L’un est Fantin[1], prédicateur des grands,



Humble avec eux, aux petits débonnaire :
Sa piété ménagea les vivants ;
Et, pour cacher le bien qu’il savait faire,
Il confessait et volait les mourants.
L’autre est Brizet[2], directeur de nonnettes,
Peu soucieux de leurs faveurs secrètes,
Mais s’appliquant sagement les dépôts,
Le tout pour Dieu. Son âme pure et sainte
Méprisait l’or ; mais il était en crainte
Qu’il ne tombât aux mains des indévots[3].

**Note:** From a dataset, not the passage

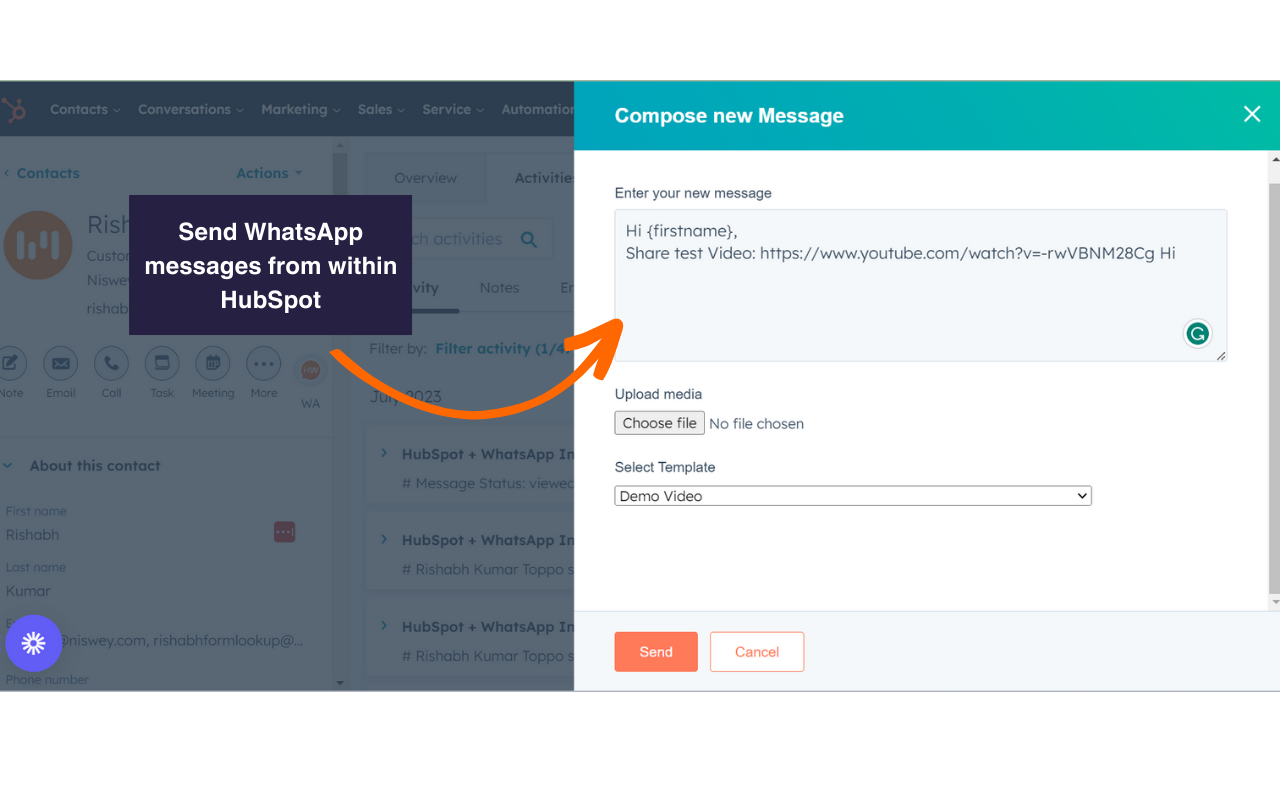 WhatsApp HubSpot Connect - 截图 1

Pour le dernier de la noble séquelle,
C’est mon soutien, c’est mon cher La Beaumelle[4],

  1. Il semble que ce chant de l'abbé Trithême soit une prophétie : en effet, nous avons vu un Fantin, docteur et curé à Versailles, qui fut aperçu volant un rouleau de cinquante louis à un malade qu'il confessait. Il fut chassé, mais il ne fut pas pendu. (Note de Voltaire, 1764.)

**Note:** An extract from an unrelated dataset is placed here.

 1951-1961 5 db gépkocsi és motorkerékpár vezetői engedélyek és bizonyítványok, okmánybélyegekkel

  2. Autre prophétie. Tout Paris a vu un abbé Brizet, fameux directeur de femmes de qualité, dissiper en débauches sourdes l'argent qu'il extorquait de ses dévotes, et qu'on lui remettait en dépôt pour le soulagement des pauvres. Il y a grande apparence que quelque homme instruit de nos mœurs a inséré une partie de cette tirade dans cette nouvelle édition du divin poëme de l'abbé Trithême. Il aurait bien dû dire un mot de l'abbé Lacoste, condamné à être marqué d'un fer chaud, et aux galères perpétuelles, on l'an de grâce 1759, pour plusieurs crimes de faux. (Id., 1764.) Cet abbé Lacoste avait travaillé avec Frelon à l’Année littéraire. (Id., 1773.) — L'abbé Brizet est le masque de Grizel. Dans l'édition qui fait partie du volume des Contes de Guillaume Vadé, au lieu des mots « divin poëme de l'abbé Trithême », on lisait « divin poëme de Jérôme Carré ». (R.)

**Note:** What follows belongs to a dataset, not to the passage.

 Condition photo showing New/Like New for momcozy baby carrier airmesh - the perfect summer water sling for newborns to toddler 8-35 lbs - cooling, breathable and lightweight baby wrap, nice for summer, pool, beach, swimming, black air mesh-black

  3. Tartuffe avait les mêmes principes de morale :
    · · · · · · Si je me résous à recevoir du père
    Cette donation qu'il a voulu me faire,
    Ce n'est, à dire vrai, que parce que je crains
    Que tout ce bien ne tombe en de méchantes mains :
    Qu'il ne trouve des gens qui, l'ayant en partage,
    En fassent dans le monde un criminel usage.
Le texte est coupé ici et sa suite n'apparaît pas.